Suddenly, out of nowhere, Bloomberg started spewing articles after articles on the sorry state of Getty Images. Three in a row, which is more than they did in the last 3 years combined. Fresh from insider knowledge, it reported Getty Images having poor ratings on a debt secured when purchased by the Carlyle Group as well as a 17% decline in revenue this past year. As posts after posts are now announcing the final demise of Getty Images and some are already dancing on its tomb, we thought it would be a good time to shed some light on this tea-cup storm.
Bloomberg: call me paranoid but there is something very suspicious when a financial publication suddenly publishes redundant articles on one company, especially if they never had paid any attention to it previously. Either they have a hidden agenda or they just saw clicks/sharing go through the roof and tried to capitalize on it. Either way, it is not a very ethical approach.

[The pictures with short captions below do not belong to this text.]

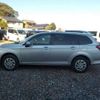 toyota corolla-fielder 2017 -TOYOTA--Corolla Fielder DBA-NZE164G--NZE164G-7048665---TOYOTA--Corolla Fielder DBA-NZE164G--NZE164G-7048665- image 44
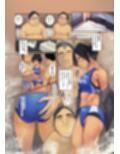 七瀬さんだらけ試し読み7ページ
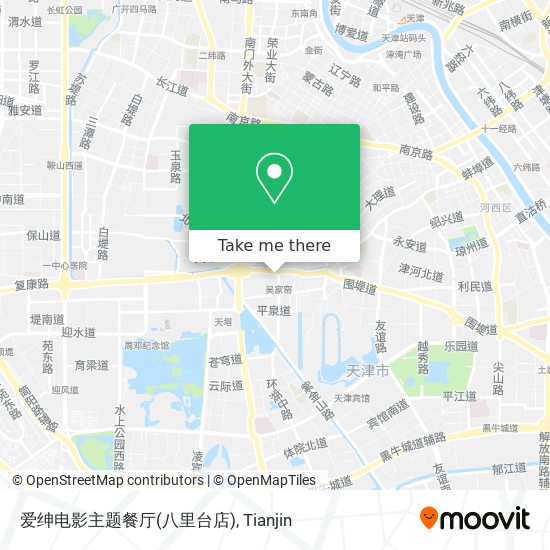爱绅电影主题餐厅(八里台店) map
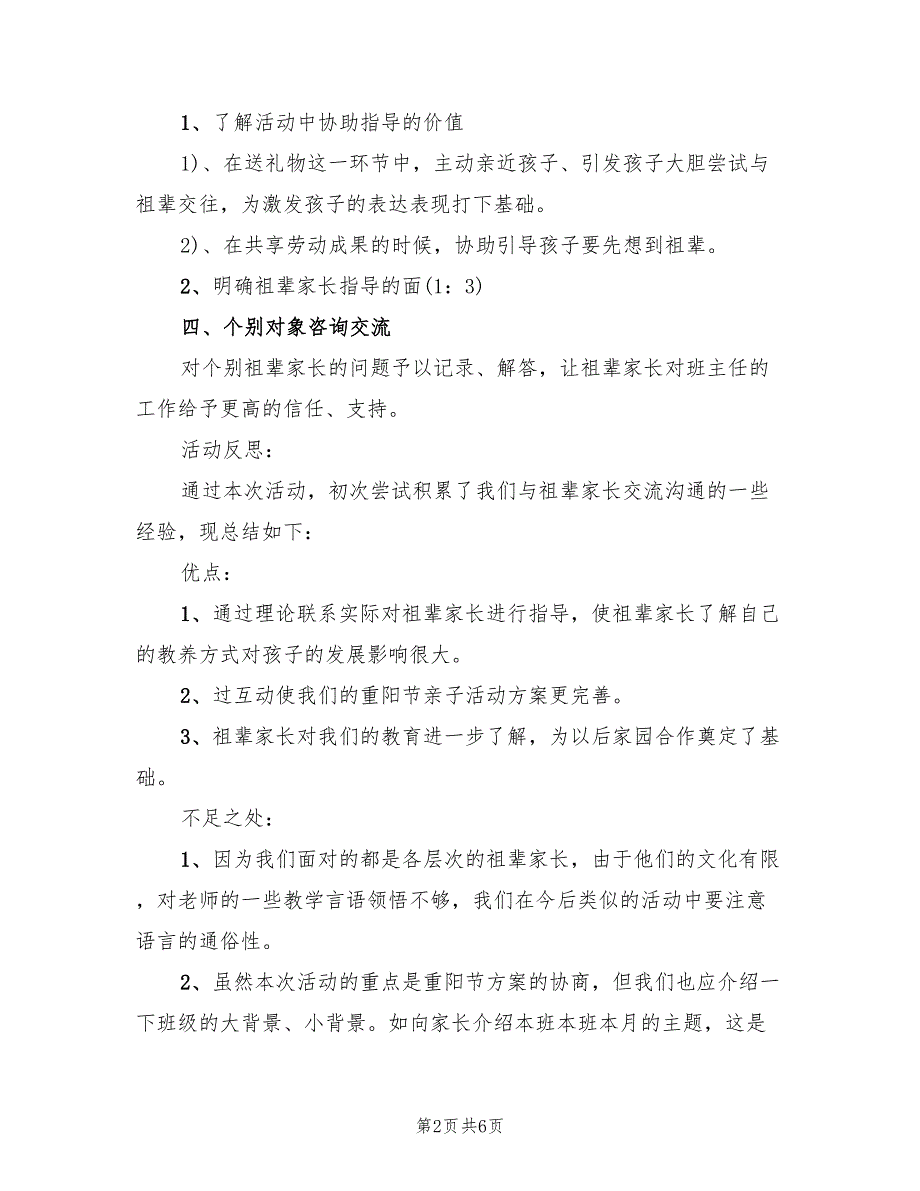 幼儿园重阳节主题活策划方案范本（3篇）_第2页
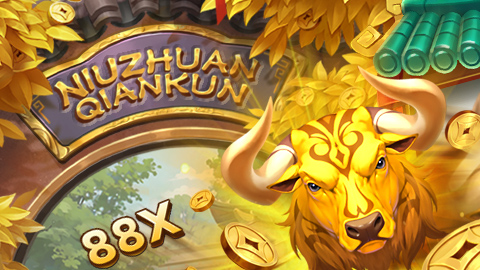 Niu Zhuan Qian Kun Cover Image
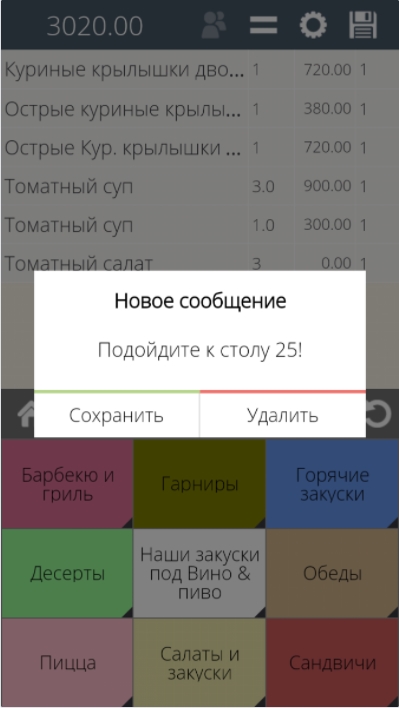 Мобильный официант_1.jpg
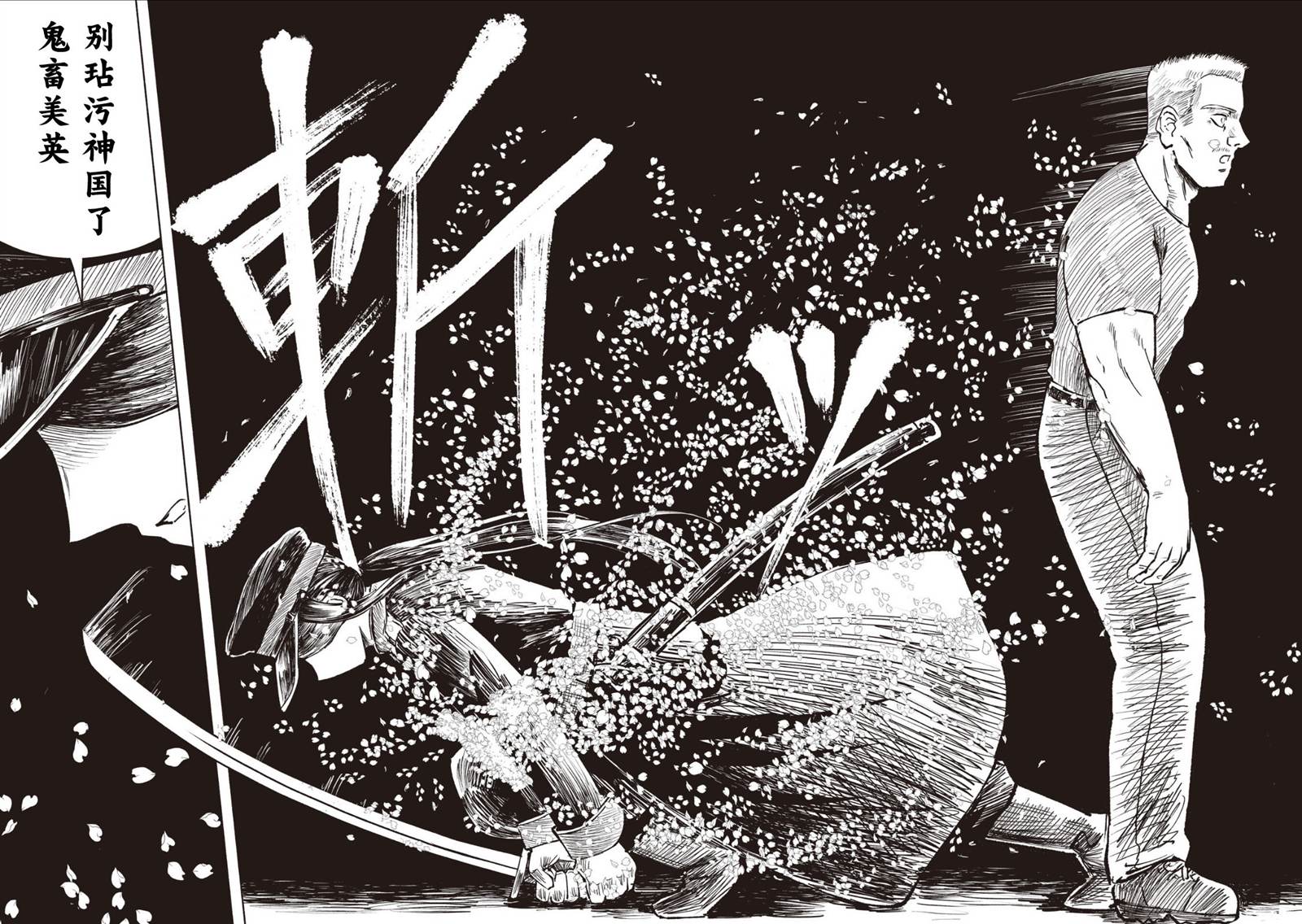 绝对恶的怪物 第29话 第26页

One of the article refers to Shutterstock and Fotolia as the reason for Getty’s gloom. While it is certain Shutterstock has taken market shares from Istock via intensive marketing, Adobe’s Fotolia, as they call it, certainly not. For one, Adobe has just finalize the acquisition a few weeks ago and has not remotely started to integrate Fotolia. Second, Fotolia, while certainly doing well is not even close to Shutterstock or Istock’s revenues. It has a strong footprint in some european countries but is hardly a player in the US for example. Let’s be serious, Fotolia has nothing to do with Getty’s 17% decline in revenue.
If the journalist of those pieces had done a little more research, he would have found that the editorial market, a big part of Getty’s revenue, is dramatically decreasing, due mainly to publishers shutting down or restructuring. ( see Time Inc). Everyone in that space ( see Abaca’s recent insolvency protection or AP images recent layoffs) is hurting.
In the commercial space, it is more likely that the proliferation of free or cheap source of content is hurting Getty. From Flickr to 500px, along with companies like Alamy, Scoopshot, EyeEm, ImageBrief, and just yesterday, Twenty20, the internet is bursting with alternative options to license images. It’s causing distraction in the marketplace.
But let’s compare apples and apples. Getty Images revenue is estimated at around $800 million a year, Shutterstock, its closest competitors, $328 Million. More than double. They are not playing in the same league.
Another point to keep in mind, and something we wrote about previously, a debt is only an issue if you have to pay it back. Getty, and Carlyle, have no pressure to reimburse this debt and it can continue delaying for decades. The reason? There is a market ( very lucrative) for buying and selling debts and the debts holders capitalize on it. Furthermore, debts can be re-negotiated. No one wants Getty to fail, otherwise they will not be able to repay the loan. Instead, they prefer to re negotiate so that at least they see some payment instead of nothing. Happens all the time.
Offering 35 million images for “free” is not the reason Getty is suffering. It is not eating at their core customer base. They have yet to turn on the monetization faucet and when they do, a lot of people will be surprised at its returns.
Finally, Getty Images shutting down will not see the market return to pre XXI century pricing. While Getty might have been responsible for its acceleration, it is not the driving force of this decay. They just surfed the wave. In fact, it is quite possible that if Getty Images shuts down, we will see a complete collapse of the Rights Managed market ( besides so very niche outlets). As well, in an effort to steal away from each other the remains of Getty’s massive market share, competitors in this space will open a price war the likes of which has never been seen before. Not a cosy perspective.
Regardless, Getty Images is going nowhere. If anything, they will aggressively restructure the company, maybe shedding some overweight units and look to dramatically cut operating costs ( lay offs). As we also previously wrote, Getty is pushing very hard to becoming more of a tech company and less of an image licensor. It has it eyes on Silicon Valley, not Wall Street.. While they will certainly bring the war back to Shutterstock, they will probably not do it by trying to reclaim territory but opening new ones where Shutterstock cannot follow. Being a public company, Shutterstock has its hands ties ( Getty knows that too well) and has to play a careful balancing game. Getty, even with billions in debt and poor credit rating, doesn’t care. It can forge along, experience, fail and repeat until it exits the tunnel. They have, in fact, much more to fear from an efficient Adobe, or the next smart startup than from traditional companies like Shutterstock.
The beast is not dead, just having a slight indigestion. Let’s suspend the partying.